START Collected data

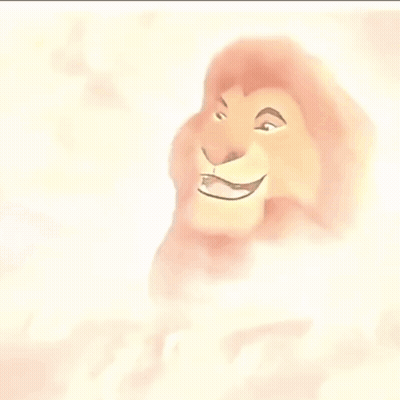 Cartoon Lion Face Surrounded By Clouds GIF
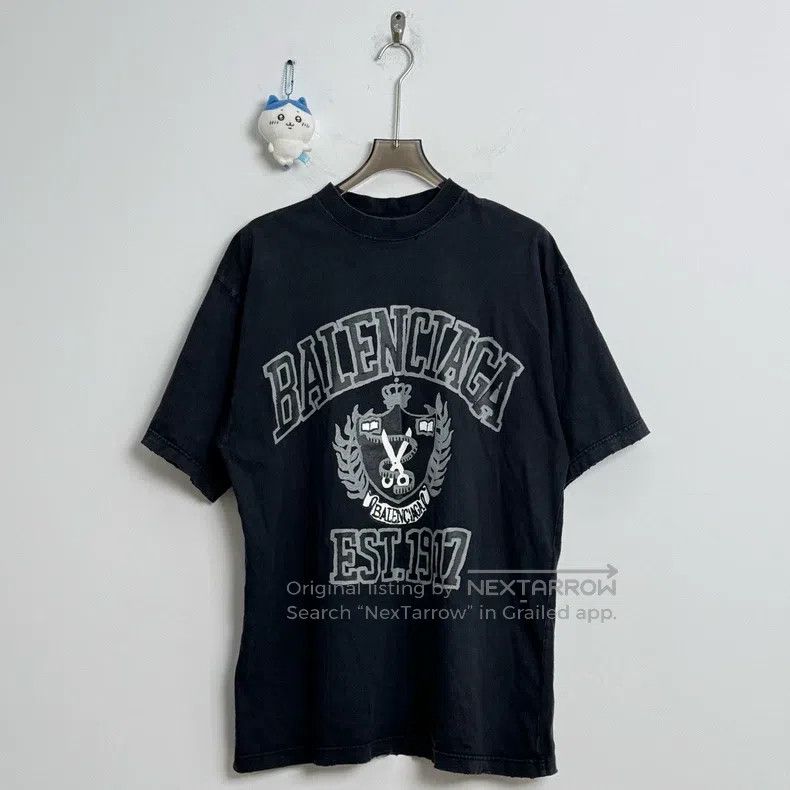 Balenciaga Balenciaga Black Destroyed Design Wheat Scissors Short Sle Size US S / EU 44-46 / 1 - 1 Thumbnail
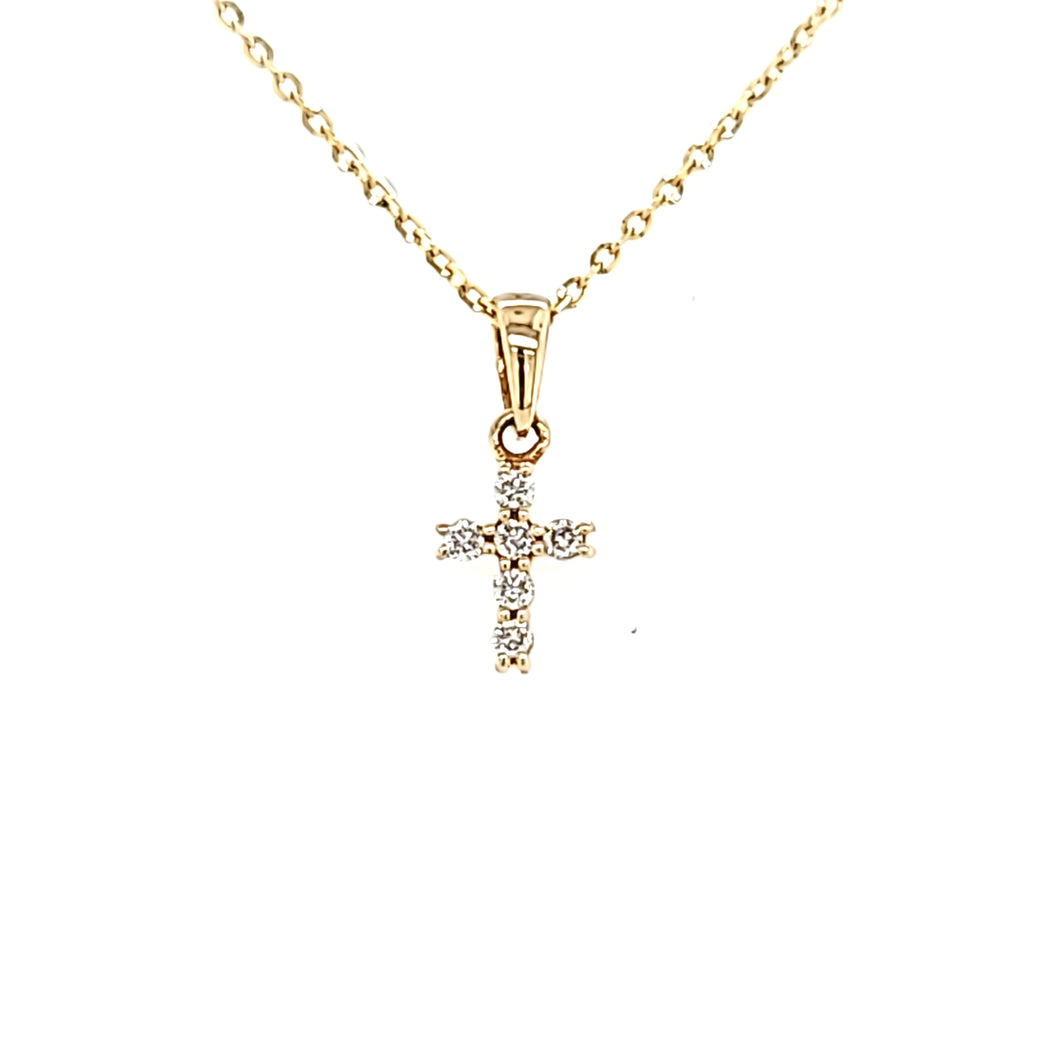 Petite Yellow Gold Diamond Cross (I5903)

END Collected data

**Work required**
A faithful, word-for-word copy of the data is needed; the pictures should not appear in it.

**Written answer**
 Cartoon Lion Face Surrounded By Clouds GIF
 Balenciaga Balenciaga Black Destroyed Design Wheat Scissors Short Sle Size US S / EU 44-46 / 1 - 1 Thumbnail
 Petite Yellow Gold Diamond Cross (I5903)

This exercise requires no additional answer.